Befitting a public outdoor venue celebrating the performing arts, the design of Lynn Wyatt Square is inspired by a placemaking concept referred to as “urban choreography” by RIOS. “It’s about creating intersections and places where people are going to interact,” Emerson explains, noting that by relocating two of the buried parking garage’s large exhaust shafts from the corners of the plaza to less conspicuous locations on the edges of the site made the space more welcoming and visible. “We’ve created a place where people can merge.” As Emerson says, the plaza’s new entrances from the street are considered as accessible-to-all “experiences” and not “just paths to travel.”

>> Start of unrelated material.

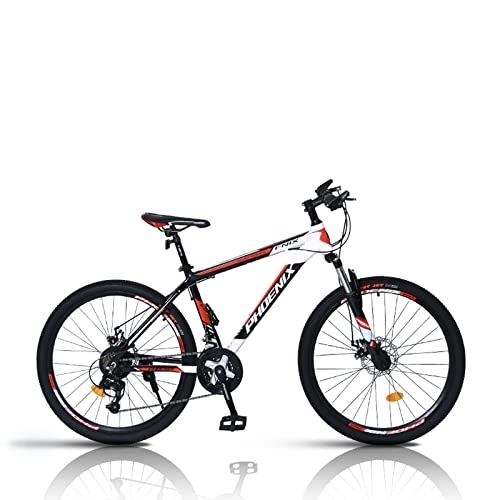 Vélos de montagnes : zcyg Vélo De Montagne Adulte, Transmission 24 Vites(Color:Noir + Rouge)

As with any proper performing arts space, Lynn Wyatt Square has abundant seating—a roughly 60 percent increase from Jones Plaza. Terraced benches, movable tables and chairs, and swing seats (a “hit” with users, per Emerson), provide places to relax, unwind, and take in the show(s); the square’s outdoor furnishings, designed by RIOS, are bright yellow, as are the multifunctional media towers that line the Proscenium Walk at the northern end of the site.
A seating area at the Gateway Gardens section overlooks Jones Hall. Photo © Pavel Bendov / Archiexplorer
The transformation of Jones Plaza into Lynn Wyatt Square also yielded what proved to be the most technically complex part of the project from an engineering standpoint: a 7,400-square-foot restaurant pavilion that floats above the underground parking garage, on the western edge of the site. Clad in glass and textured concrete, the bilevel building—designed by RIOS with executive architect HarrisonKornberg Architects—is topped by a timber roof structure with a free-flowing form that pays homage to the fluidity of dance.
Although the structure’s soaring, column-free interior offers an air-conditioned respite from Houston’s notorious humidity and oppressive temperatures, the newly landscaped plaza outside—previously a literal heat island—has cooled down considerably within this urban environment dominated by towers of concrete, stone, and glass. According to RIOS, the project reduced the plaza’s hardscape by 19 percent, increased its plantings by 92 percent, and added 27 percent more trees—among them 14 mature live oaks that provide abundant shade. In addition, the park’s lush landscaping—local firm Asakura Robinson served as executive landscape architect for planting design—helps to manage stormwater runoff, improve air quality, and foster biodiversity.
An urban green space that acts as an outdoor extension of the performing arts venues surrounding it, Lynn Wyatt Square proves that second acts are worth sticking around for.